◆ Work request
Output the opening lines of the records exactly. End with the line that contains "GARDEBRUK® Rosenbogen Rankhilfe".

Recorded data
####################

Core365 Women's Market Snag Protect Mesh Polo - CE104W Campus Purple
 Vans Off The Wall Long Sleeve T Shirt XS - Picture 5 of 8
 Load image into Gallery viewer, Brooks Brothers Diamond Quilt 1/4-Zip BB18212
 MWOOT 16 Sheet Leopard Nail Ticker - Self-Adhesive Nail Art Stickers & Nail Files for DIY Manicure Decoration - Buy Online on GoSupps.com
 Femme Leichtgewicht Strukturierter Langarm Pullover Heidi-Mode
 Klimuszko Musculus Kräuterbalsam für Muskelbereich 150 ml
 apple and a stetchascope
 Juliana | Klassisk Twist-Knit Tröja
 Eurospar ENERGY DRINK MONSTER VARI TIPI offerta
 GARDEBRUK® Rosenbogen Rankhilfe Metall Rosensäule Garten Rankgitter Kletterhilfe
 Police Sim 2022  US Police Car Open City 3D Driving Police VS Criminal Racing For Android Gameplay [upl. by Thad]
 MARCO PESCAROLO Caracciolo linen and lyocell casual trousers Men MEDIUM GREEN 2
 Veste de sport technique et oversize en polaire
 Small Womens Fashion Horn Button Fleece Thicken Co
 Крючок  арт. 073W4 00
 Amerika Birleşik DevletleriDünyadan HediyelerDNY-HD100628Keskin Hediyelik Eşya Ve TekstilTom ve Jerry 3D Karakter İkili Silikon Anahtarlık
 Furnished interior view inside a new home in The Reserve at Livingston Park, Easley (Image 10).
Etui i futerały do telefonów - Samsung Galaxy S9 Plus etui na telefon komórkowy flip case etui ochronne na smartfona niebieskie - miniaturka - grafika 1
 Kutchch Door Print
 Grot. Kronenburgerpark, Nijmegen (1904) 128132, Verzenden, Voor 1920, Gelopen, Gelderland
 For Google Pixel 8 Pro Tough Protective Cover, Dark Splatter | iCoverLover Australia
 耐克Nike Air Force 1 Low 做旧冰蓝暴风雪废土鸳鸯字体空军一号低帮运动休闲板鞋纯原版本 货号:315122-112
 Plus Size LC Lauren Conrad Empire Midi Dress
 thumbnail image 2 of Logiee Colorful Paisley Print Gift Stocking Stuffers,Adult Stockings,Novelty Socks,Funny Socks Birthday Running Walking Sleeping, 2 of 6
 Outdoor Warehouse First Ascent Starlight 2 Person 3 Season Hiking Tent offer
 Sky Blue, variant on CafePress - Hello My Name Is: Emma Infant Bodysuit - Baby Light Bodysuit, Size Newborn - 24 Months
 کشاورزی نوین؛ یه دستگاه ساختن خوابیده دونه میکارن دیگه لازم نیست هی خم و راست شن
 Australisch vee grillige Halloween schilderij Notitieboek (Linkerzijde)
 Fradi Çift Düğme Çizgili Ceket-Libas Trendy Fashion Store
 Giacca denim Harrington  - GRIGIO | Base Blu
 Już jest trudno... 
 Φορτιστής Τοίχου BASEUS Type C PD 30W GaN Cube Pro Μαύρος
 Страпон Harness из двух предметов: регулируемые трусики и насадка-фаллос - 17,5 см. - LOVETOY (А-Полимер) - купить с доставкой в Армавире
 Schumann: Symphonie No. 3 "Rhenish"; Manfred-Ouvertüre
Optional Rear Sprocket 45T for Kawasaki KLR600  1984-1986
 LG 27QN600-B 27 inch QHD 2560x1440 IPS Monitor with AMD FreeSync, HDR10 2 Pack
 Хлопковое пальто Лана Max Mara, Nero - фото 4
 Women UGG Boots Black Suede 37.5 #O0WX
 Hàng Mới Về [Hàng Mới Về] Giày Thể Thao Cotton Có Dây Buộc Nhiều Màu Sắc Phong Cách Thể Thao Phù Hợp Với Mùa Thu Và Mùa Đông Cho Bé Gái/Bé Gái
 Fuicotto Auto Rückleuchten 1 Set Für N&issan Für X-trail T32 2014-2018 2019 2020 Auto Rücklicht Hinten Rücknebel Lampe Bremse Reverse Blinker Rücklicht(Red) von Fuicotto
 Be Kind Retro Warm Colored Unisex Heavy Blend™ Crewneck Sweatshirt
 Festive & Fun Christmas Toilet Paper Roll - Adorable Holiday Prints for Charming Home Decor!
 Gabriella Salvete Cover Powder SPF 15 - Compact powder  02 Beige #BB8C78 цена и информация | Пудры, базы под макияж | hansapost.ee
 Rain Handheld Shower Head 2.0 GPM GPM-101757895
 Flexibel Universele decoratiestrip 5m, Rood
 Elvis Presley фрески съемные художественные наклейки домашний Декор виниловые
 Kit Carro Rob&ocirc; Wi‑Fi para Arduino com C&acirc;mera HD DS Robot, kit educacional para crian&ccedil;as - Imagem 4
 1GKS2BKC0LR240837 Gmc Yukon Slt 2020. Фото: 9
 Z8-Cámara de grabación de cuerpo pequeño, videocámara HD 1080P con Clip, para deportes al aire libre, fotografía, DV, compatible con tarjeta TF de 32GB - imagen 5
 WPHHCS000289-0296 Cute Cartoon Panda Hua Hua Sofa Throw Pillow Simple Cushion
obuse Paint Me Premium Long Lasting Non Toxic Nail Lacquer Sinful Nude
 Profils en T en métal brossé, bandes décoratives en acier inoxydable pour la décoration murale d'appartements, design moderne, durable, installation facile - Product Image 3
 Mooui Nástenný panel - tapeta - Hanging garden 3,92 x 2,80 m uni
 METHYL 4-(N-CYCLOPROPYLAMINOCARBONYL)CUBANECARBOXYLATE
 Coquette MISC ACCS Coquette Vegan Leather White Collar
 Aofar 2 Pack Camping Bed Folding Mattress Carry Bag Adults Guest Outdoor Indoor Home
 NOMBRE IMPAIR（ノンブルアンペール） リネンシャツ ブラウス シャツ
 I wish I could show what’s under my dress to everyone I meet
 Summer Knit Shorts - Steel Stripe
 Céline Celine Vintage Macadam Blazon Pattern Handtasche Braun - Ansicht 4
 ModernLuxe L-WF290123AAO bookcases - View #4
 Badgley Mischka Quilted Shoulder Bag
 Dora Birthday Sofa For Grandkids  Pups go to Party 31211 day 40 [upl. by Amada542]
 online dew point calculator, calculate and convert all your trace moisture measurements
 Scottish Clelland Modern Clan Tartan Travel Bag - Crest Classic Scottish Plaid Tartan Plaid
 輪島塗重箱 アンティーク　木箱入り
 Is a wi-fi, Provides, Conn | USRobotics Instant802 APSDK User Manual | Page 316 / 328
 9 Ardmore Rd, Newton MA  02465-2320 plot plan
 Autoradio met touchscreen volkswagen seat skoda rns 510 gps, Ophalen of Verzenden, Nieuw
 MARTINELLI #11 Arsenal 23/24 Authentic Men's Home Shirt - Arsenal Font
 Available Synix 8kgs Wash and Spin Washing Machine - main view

####################

◆ Answer
Core365 Women's Market Snag Protect Mesh Polo - CE104W Campus Purple
 Vans Off The Wall Long Sleeve T Shirt XS - Picture 5 of 8
 Load image into Gallery viewer, Brooks Brothers Diamond Quilt 1/4-Zip BB18212
 MWOOT 16 Sheet Leopard Nail Ticker - Self-Adhesive Nail Art Stickers & Nail Files for DIY Manicure Decoration - Buy Online on GoSupps.com
 Femme Leichtgewicht Strukturierter Langarm Pullover Heidi-Mode
 Klimuszko Musculus Kräuterbalsam für Muskelbereich 150 ml
 apple and a stetchascope
 Juliana | Klassisk Twist-Knit Tröja
 Eurospar ENERGY DRINK MONSTER VARI TIPI offerta
 GARDEBRUK® Rosenbogen Rankhilfe Metall Rosensäule Garten Rankgitter Kletterhilfe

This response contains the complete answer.